- _Brief_: Your copy of the data should leave out the images and match everything else exactly.

[Supplied material Boundary: Start]

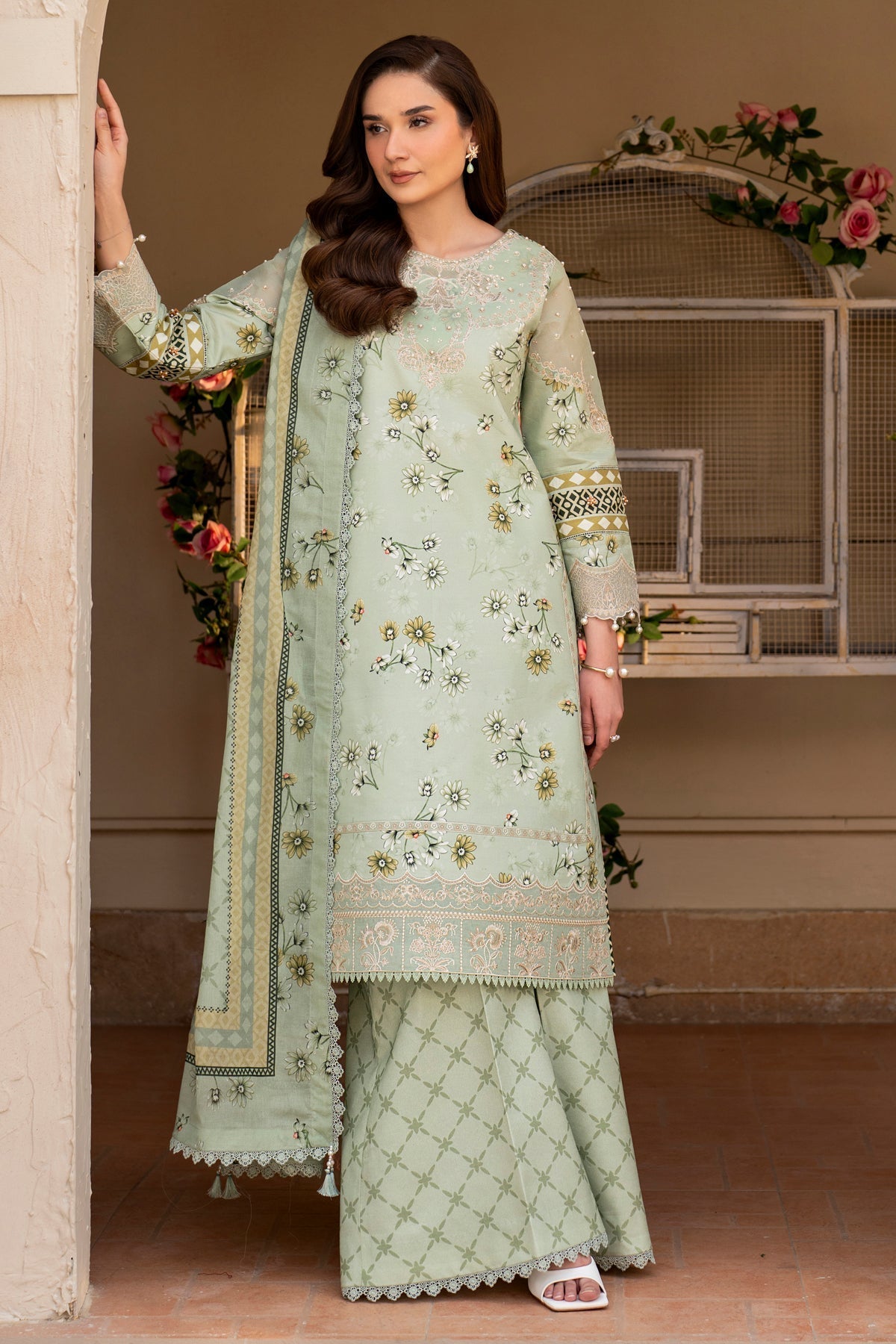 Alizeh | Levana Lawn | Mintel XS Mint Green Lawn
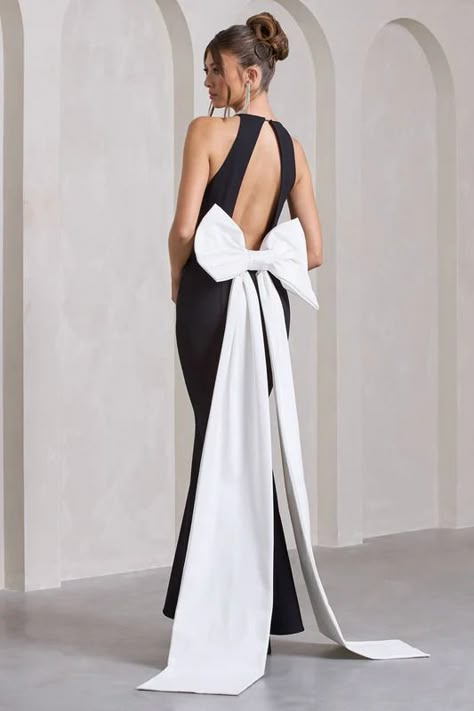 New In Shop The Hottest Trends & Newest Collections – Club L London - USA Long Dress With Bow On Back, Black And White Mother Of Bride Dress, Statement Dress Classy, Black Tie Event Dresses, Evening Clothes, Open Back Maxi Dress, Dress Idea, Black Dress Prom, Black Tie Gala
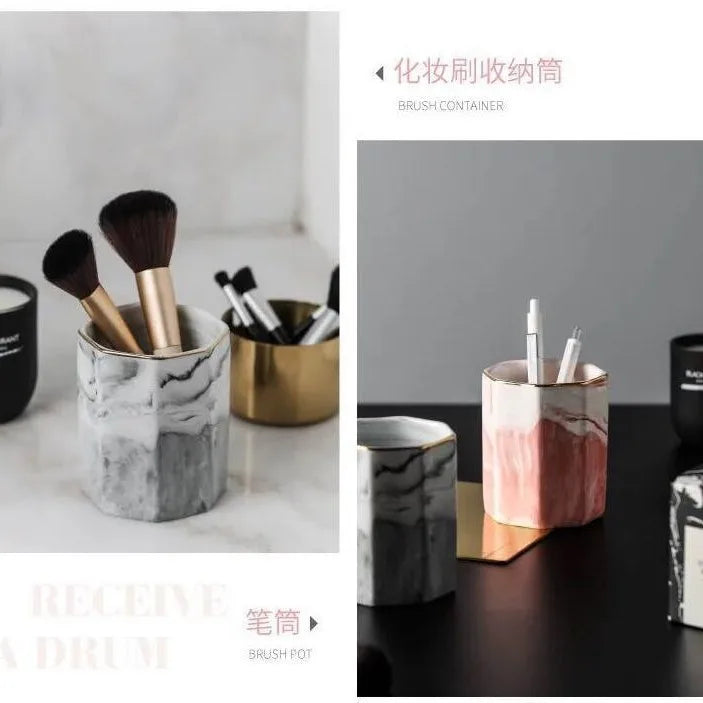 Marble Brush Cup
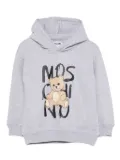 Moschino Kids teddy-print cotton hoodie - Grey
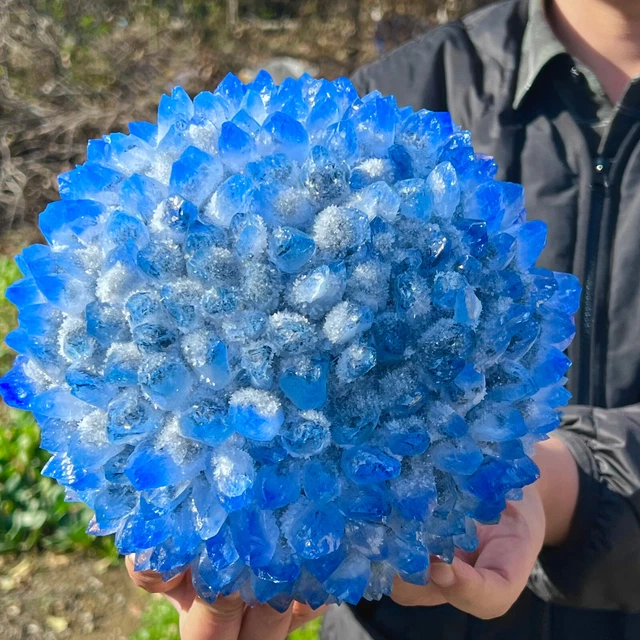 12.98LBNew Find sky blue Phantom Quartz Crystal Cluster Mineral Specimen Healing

[Supplied material Boundary: End]

- _Response to this exercise_:
 Alizeh | Levana Lawn | Mintel XS Mint Green Lawn
 New In Shop The Hottest Trends & Newest Collections – Club L London - USA Long Dress With Bow On Back, Black And White Mother Of Bride Dress, Statement Dress Classy, Black Tie Event Dresses, Evening Clothes, Open Back Maxi Dress, Dress Idea, Black Dress Prom, Black Tie Gala
 Marble Brush Cup
 Moschino Kids teddy-print cotton hoodie - Grey
 12.98LBNew Find sky blue Phantom Quartz Crystal Cluster Mineral Specimen Healing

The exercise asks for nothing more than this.